In this concert, Zubin Mehta and the Berliner Philharmoniker present musical tales of heroes. On the one hand, there is the knight Don Quixote, who in his fanciful imagination experiences exciting adventures with giants, robbers and a flying horse – inspiring Richard Strauss to create a wonderfully effective score. In contrast, the hero in Beethoven’s Eroica remains anonymous – it is rather a principle that is celebrated here: the determined struggle for a better world.

“We all have something of Don Quixote within us”, Ludwig Quandt, 1st Principal Cellist of the Berliner Philharmoniker, has said in an interview conducted for the Digital Concert Hall. And what makes Quixote so fascinating for him? “The way he perceives the world. There’s a great discrepancy between his imagination and reality.” A flock of sheep or windmills are an enemy army that, in Quixote’s eyes, needs to be combatted; an ugly peasant girl ignites his heart because he considers her to be Dulcinea, the most beautiful woman in the world. At his side there’s his faithful, pragmatic squire Sancho Panza, who fatalistically endures all his lord’s follies. Miguel de Cervantes’s tale of the knight from la Mancha, published in 1605, is among the most important novels in European cultural history. With it, the Spanish writer created a parody of the chivalric novels so popular at the time. Cervantes’s parodistic approach and the situations that Quixote experiences in his delirium inspired Richard Strauss to his tone poem Don Quixote, in which he satirizes the musical form of the variation in a humorous, ironic fashion. At the same time, he succeeded in creating a brilliant characterisation of Don Quixote in terms of music psychology, depicted instrumentally by a solo cello, and his squire Sancho Panza, to which the solo viola lends its voice. On this concert programme Amihai Grosz, the orchestra’s 1st Principal Violist since 2010, is companion to Ludwig Quandt, who will bring the eccentric knight to life musically on the cello.

The conductor for this programme has been an artistic friend of the Berliner Philharmoniker for many years: Zubin Mehta, whom the orchestra appointed an honorary member last season, and who enjoys programming works by Richard Strauss and Ludwig van Beethoven together. It’s all the more surprising that he has never yet conducted the Philharmonic in one of the best-known symphonies by the Viennese master, his Eroica. With this work, the composer broke with the norms of the time for the genre – not only thematically, formally and harmonically, but also in view of the fact that it establishes Beethoven’s monumental style. At the same time, the symphony, created under the impression of France’s revolutionary music and which refers thematically to Beethoven’s ballet ThCreatures of Prometheus, conveys a political message: it grapples with the ideal of a new humanity, engendered by the societal upheavals brought about by the French Revolution and the Napoleonic Wars.

Venue Info

Berliner Philharmonie - Berlin
Location   Herbert-von-Karajan-Str. 1

The Berliner Philharmonie is a concert hall in Berlin, Germany and home to the Berlin Philharmonic Orchestra. The Philharmonie lies on the south edge of the city's Tiergarten and just west of the former Berlin Wall. The Philharmonie is on Herbert-von-Karajan-Straße, named for the orchestra's longest-serving principal conductor. The building forms part of the Kulturforum complex of cultural institutions close to Potsdamer Platz.

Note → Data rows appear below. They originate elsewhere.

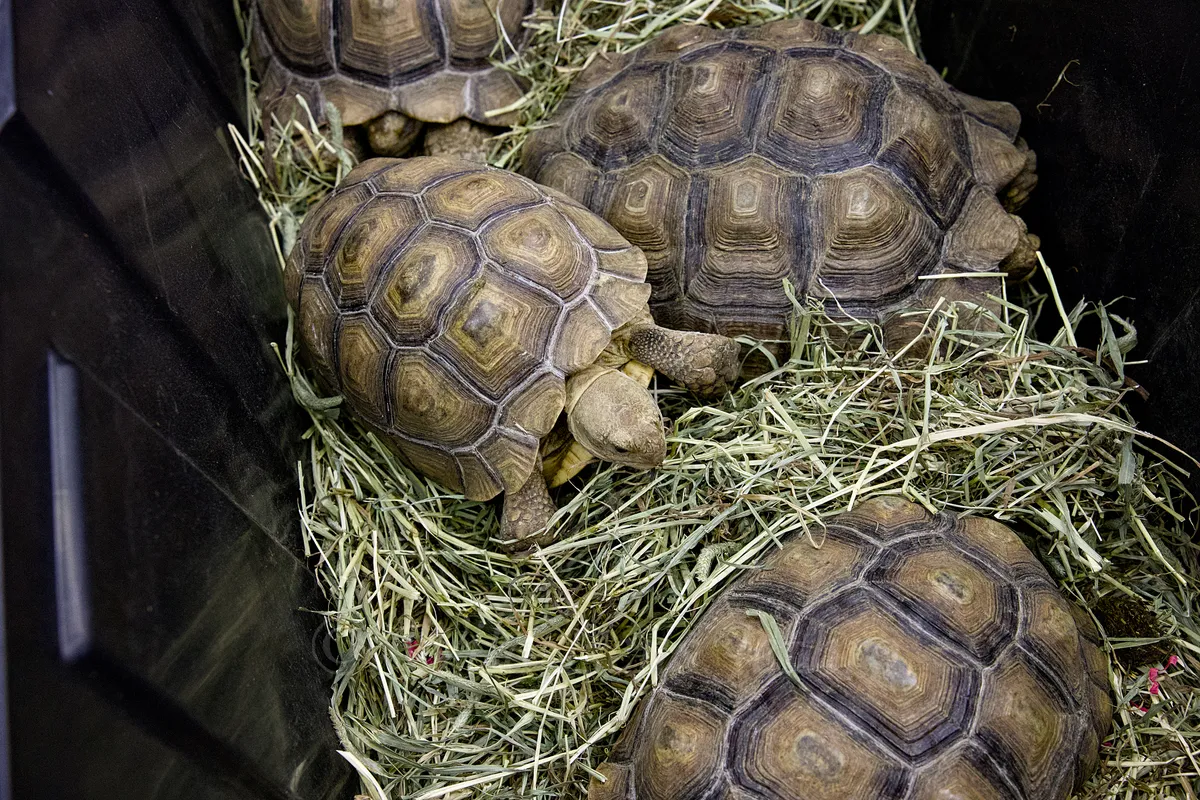 Sulcata Tortoises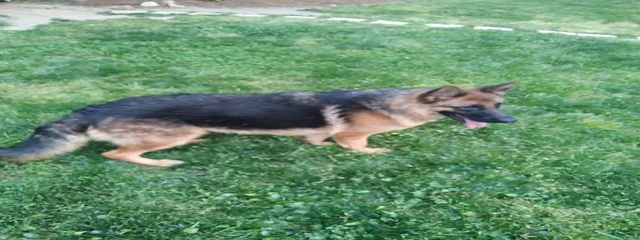 Zola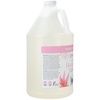 image:imageGinger Lily Farms Botanicals Foaming Hand Soap 20oz Coco MangoVanilla Sugar Bliss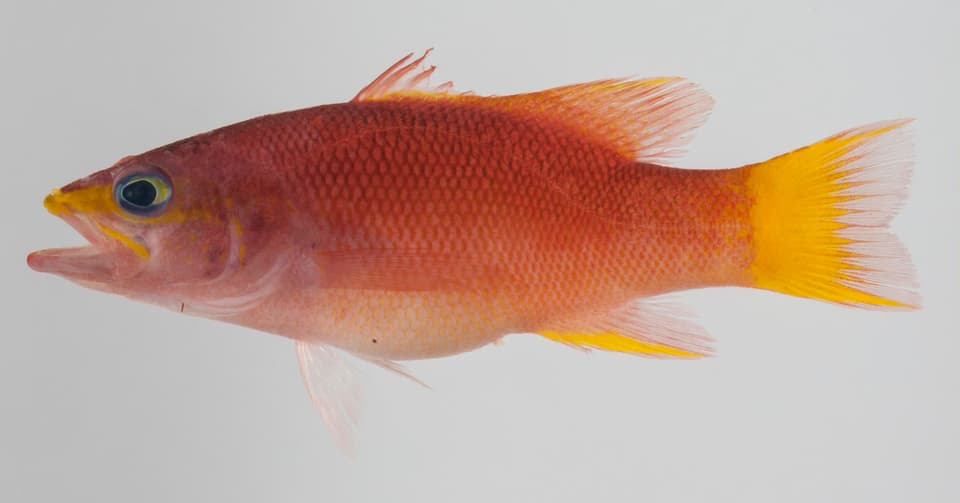 ภาพประกอบของ ปลากะรังจิ๋ว aragai (Liopropoma aragai)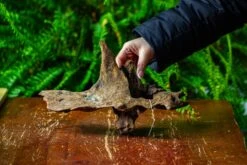 Driftwood For Moss Terrarium, Miniature, Micro Landscape,TS011 -Ncyp Garden Sale Shop IMG 9097 d2c50e4e 9754 4690 a870 83f557df49a2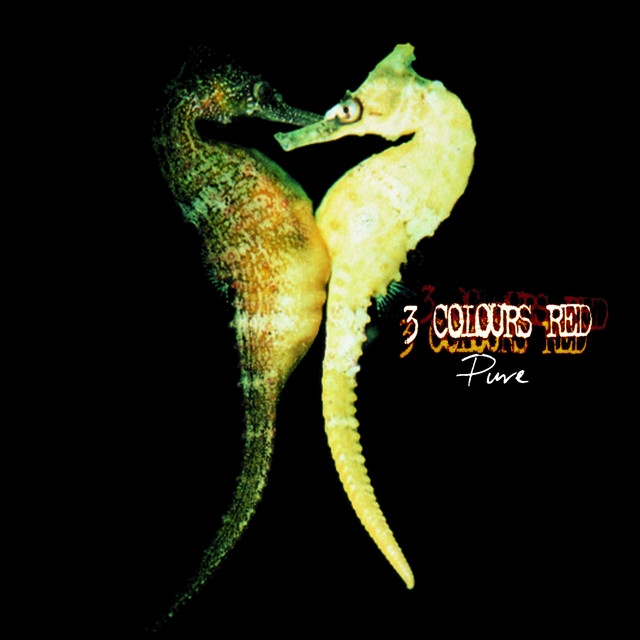 Pure cover
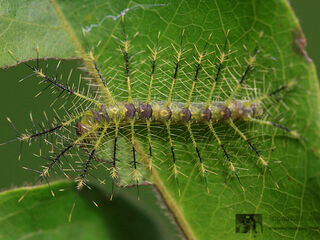 Euthalia evelina annamita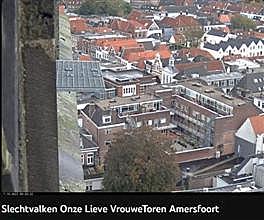 webcam rooster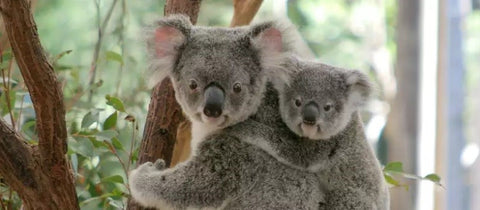 Lone Pine Koala  Sanctuary Brisbane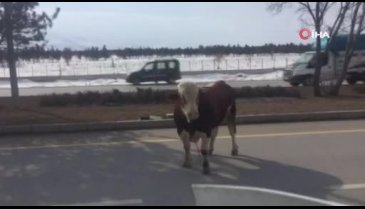 Kızgın boğa trafiği birbirine kattı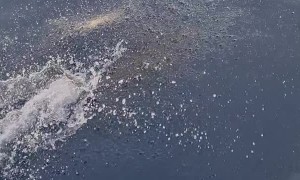 Boat Island Hopping Gets Close Encounter with a Dolphin Pod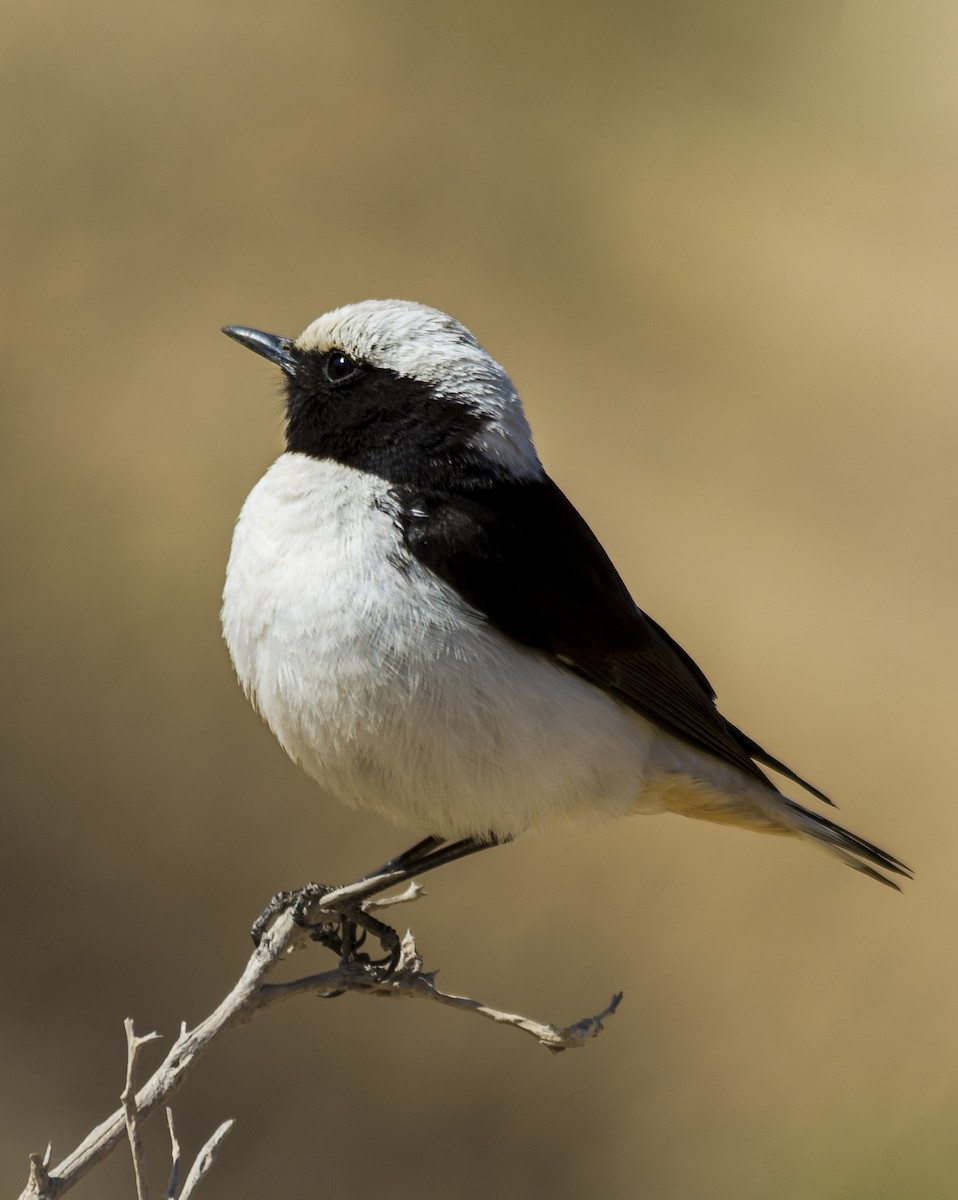 Mourning Wheatear - ML626313356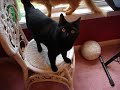 The Goodbye Cat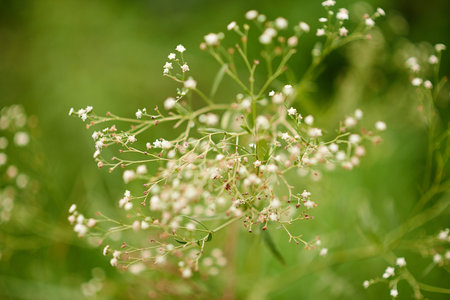 Environment, sprout and growth in nature, flowers and sustainability of woods with plants and...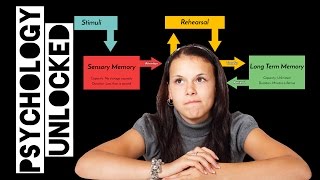 Atkinson amp Shiffrins Multi Store Model of Memory AKA TwoProcess Model  Memory [upl. by Ydnerb]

The Philharmonie consists of two venues, the Grand Hall (Großer Saal) with 2,440 seats and the Chamber Music Hall (Kammermusiksaal) with 1,180 seats. Though conceived together, the smaller hall was opened in the 1980s, some twenty years after the main building.

Hans Scharoun designed the building, which was constructed over the years 1960–1963. It opened on 15 October 1963 with Herbert von Karajan conducting Beethoven's 9th Symphony. It was built to replace the old Philharmonie, destroyed by British bombers on 30 January 1944, the eleventh anniversary of Hitler becoming Chancellor. The hall is a singular building, asymmetrical and tentlike, with the main concert hall in the shape of a pentagon. The height of the rows of seats increases irregularly with distance from the stage. The stage is at the centre of the hall, surrounded by seating on all sides. The so-called vineyard-style seating arrangement (with terraces rising around a central orchestral platform) was pioneered by this building, and became a model for other concert halls, including the Sydney Opera House (1973), Denver's Boettcher Concert Hall (1978), the Gewandhaus in Leipzig (1981), Walt Disney Concert Hall in Los Angeles (2003), and the Philharmonie de Paris (2014).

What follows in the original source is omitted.